I do think people with lower end hardware should have access to transcription as well and it will be something I'll be thinking about more regardless.
I may be happy to add a sponsored endpoint (and maybe geppetto will be this) or something, if it means that the user experience can just be flipping a switch. I don't really want someone to put an API key in. I don't think this technology should be limited to just people with the requisite hardware, nor do I think people should have to pay for it.
I only write this much because I do care, and care a lot. I don't know the best way forward. I'm playing with ideas and possibilities and stumbling through them. And at the same time I want to make a wonderful user experience. I want to understand more about the space, and the limitations.
Thanks for your very thoughtful reply. It really shines through how passionate you are with designing a solid product!
I'm glad to hear that you are potentially open to exploring it later or merging in branches supporting it and thanks so much for the epicenter-whispering alternative. I will try that out soon.
When you talk about a saturated market though, I searched both via chatgpt assisted searches (long thread) and via directly searching github projects. All but your project seemed to actually work in a user friendly way and/or bad-low maintained-abandoned from what I could find.

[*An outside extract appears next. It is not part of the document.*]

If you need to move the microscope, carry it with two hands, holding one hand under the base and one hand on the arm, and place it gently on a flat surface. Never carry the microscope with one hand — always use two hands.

Perhaps before you started you did a lot of research for other solutions; any further solutions I could try of the top of your head other then epicenter?

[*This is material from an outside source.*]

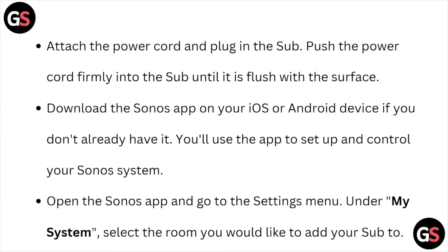Open the Sonos app and go to the settings menu. Under My System, select the room you would like to add your sub to.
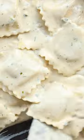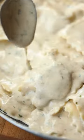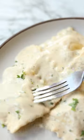Then toss in your cooked ravioli — something like chicken, mushroom, or even pumpkin works perfectly here — and there you're left with this absolutely gorgeous ravioli and a garlic cream sauce. Enjoy!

I haven't used a ton of them but here are a few
There may be others too, but for Windows the options are more limited than I realized. For MacOS there are many
Thank you!
I reopened #18 as there might be a fast implementation that runs on the CPU and may be a good replacement and fix slow inference for you. I will need to play around and test it on a variety of hardware
Okay and one more note, could maybe try Moonshine as well
https://github.com/moonshine-ai/moonshine
The benefit to supporting the API is it lets us separate out the front end from the back end. (for example, using nvidia's parakeet rather than whisper, as it's much faster)
And yeah, not that many windows front ends. I'm playing with whisper-writer / parakeet-writer right now.

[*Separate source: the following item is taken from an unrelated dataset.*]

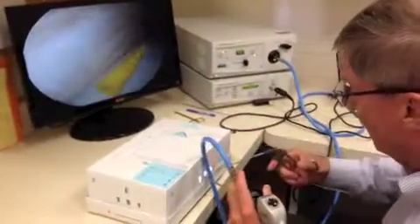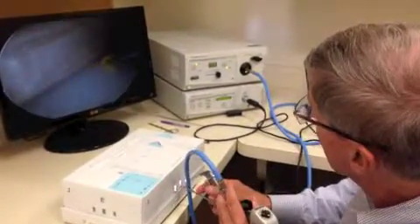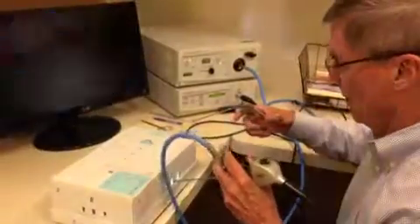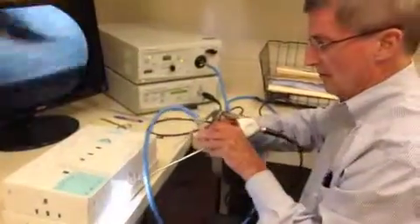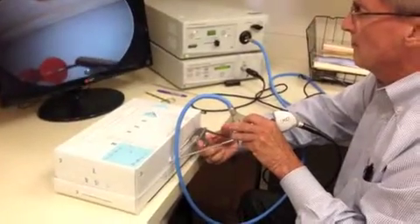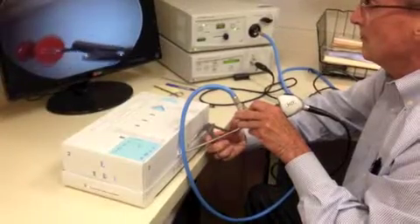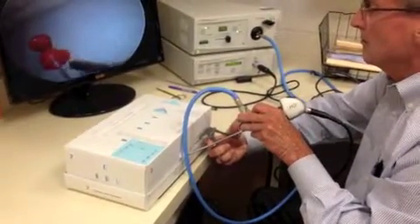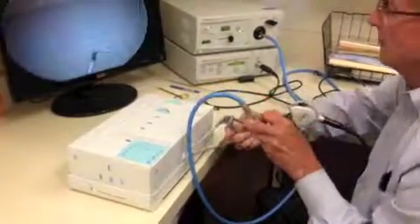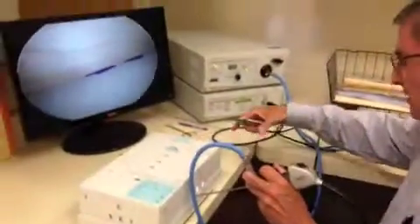We remove each of the ten loose bodies one by one using the grasping instrument. That's task number three.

@burntcouscous would you mind trying 0.5.0 with parakeet and see if it's good enough for you?
I know it may not, just curious. API support may come in the future but I can't make any promises at the moment
Any recommended software for Linux systems?
Whispering is one option which supports cloud models: https://github.com/epicenter-os/epicenter/tree/main/apps/whispering
Epicenter is the company who makes this and they also sponsor Handy's development and some of the libraries I've put out for local transcription (big s/o @braden-w). Likely transcription-rs will get API support at some point and there is a chance when it does, Handy also will. But I have yet to decide on UX.
I may just host Parakeet/Whisper for free for anyone using Handy. No API key required.
@cjpais Thank you so much! We love Handy and are proud sponsors of its development 🫶
I just returned from two weeks of back-to-back calls, so Whispering is currently undergoing an overhaul. I have several fixes to implement regarding models and Linux support within the next week 😅, but yes, Whispering supports various APIs!
@cjpais , let me know if you would like to discuss hosting Parakeet/Whisper! Happy to sponsor server costs, we have some spare API credits on other providers like Replicate that we can probably figure out :)
Thank you for the thoughtful discussion. I redirected my request for Soniox to Whispering.
I still use Handy and enjoy it a lot with parakeet-tdt-0_6b-v3. Still, from my testing I believe that Soniox is a stronger model. Anyway, thanks for clearly stating your goals for Handy!